Os números do quinteto são semelhantes aos do levantamento feito pelo mesmo instituto divulgado pelo ge em abril do ano passado. Houve variação para baixo de Flamengo (de 21,9% para 20,1%), São Paulo (9,9% para 7,6%) e Palmeiras (7,7% a 7%) e para cima de Corinthians (14,2% para 14,5%) e Vasco (6,2% a 6,6%).
Na edição deste ano da pesquisa, foram 7.374 respostas pela internet entre 1 e 5 de agosto, em respostas captadas em 1.341 municípios em todo o país – leia sobre a metodologia da pesquisa mais abaixo. A margem de erro é de 1% na consulta da empresa especializada em pesquisas políticas.
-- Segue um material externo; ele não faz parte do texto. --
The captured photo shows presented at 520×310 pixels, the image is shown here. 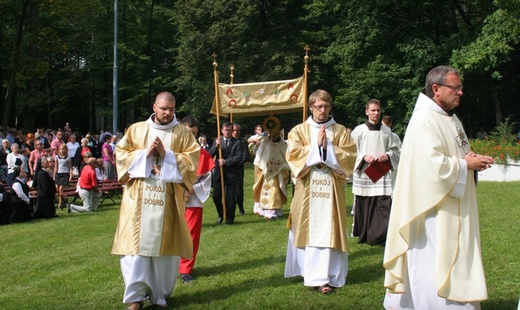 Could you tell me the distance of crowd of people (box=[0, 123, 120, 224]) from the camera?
15031 mm

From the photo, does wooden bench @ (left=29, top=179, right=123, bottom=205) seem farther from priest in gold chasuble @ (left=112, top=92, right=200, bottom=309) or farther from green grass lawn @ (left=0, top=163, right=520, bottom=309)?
priest in gold chasuble @ (left=112, top=92, right=200, bottom=309)

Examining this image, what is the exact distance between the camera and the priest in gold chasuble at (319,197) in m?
7.35

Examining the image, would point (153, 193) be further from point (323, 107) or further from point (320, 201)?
point (323, 107)

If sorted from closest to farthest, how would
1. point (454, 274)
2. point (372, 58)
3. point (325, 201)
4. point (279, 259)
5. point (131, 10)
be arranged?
point (454, 274) → point (325, 201) → point (279, 259) → point (372, 58) → point (131, 10)

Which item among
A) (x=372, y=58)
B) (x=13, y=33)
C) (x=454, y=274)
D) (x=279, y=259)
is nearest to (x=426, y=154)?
(x=454, y=274)

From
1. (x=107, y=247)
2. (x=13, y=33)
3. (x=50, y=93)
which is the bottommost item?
(x=107, y=247)

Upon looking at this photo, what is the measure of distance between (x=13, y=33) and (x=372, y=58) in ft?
65.7

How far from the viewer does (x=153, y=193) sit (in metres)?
6.68

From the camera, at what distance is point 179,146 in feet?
22.7

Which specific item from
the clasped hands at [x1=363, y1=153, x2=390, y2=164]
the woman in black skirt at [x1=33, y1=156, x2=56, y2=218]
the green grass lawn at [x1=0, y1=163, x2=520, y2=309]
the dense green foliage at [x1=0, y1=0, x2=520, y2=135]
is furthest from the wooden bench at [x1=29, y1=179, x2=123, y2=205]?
the clasped hands at [x1=363, y1=153, x2=390, y2=164]

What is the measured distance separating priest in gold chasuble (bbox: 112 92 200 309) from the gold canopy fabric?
18.6 ft

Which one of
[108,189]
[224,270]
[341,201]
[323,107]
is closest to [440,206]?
[341,201]

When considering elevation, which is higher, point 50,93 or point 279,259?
point 50,93

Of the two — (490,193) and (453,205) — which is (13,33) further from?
(453,205) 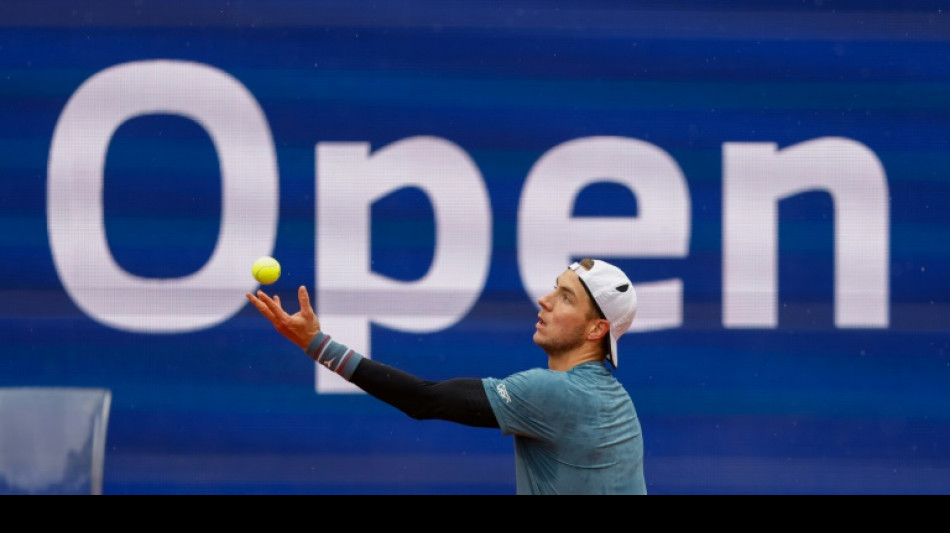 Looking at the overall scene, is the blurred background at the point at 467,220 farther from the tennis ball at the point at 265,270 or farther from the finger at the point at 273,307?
the finger at the point at 273,307

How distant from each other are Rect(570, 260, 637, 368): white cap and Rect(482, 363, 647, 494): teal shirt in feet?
0.45

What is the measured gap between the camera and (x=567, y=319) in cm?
274

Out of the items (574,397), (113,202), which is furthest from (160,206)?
(574,397)

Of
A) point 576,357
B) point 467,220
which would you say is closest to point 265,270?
point 467,220

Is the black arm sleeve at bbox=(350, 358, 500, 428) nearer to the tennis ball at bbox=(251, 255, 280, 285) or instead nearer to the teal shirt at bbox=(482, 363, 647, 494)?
the teal shirt at bbox=(482, 363, 647, 494)

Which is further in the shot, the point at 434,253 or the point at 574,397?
the point at 434,253

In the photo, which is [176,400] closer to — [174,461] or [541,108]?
[174,461]

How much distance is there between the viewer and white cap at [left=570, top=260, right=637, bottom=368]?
8.92 ft

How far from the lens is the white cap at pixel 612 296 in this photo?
2719 mm

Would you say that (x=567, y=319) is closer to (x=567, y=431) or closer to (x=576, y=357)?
(x=576, y=357)

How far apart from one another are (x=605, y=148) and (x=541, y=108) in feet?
0.79

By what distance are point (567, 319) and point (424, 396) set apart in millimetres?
402

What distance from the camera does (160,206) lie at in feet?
11.8

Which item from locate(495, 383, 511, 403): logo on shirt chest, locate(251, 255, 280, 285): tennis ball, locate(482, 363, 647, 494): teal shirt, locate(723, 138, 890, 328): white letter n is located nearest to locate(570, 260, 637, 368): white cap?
locate(482, 363, 647, 494): teal shirt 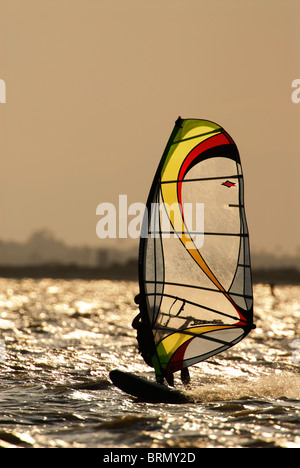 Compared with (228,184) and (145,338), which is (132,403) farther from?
(228,184)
Top 15 com três do Nordeste
A pesquisa mostrou as quinze maiores torcidas do país com pequena diferença percentual entre o 10º melhor ranqueado e o 13º – Botafogo e Internacional têm 2,9%, Bahia e Fluminense, 2,8%. Antes, na sexta, sétima e oitava posição estão os mesmos da última pesquisa AtlasIntel: Cruzeiro (variou de 6,1% para 5,4%), Grêmio (mantendo 4,6%) e Atlético-MG (4,3% a 4%).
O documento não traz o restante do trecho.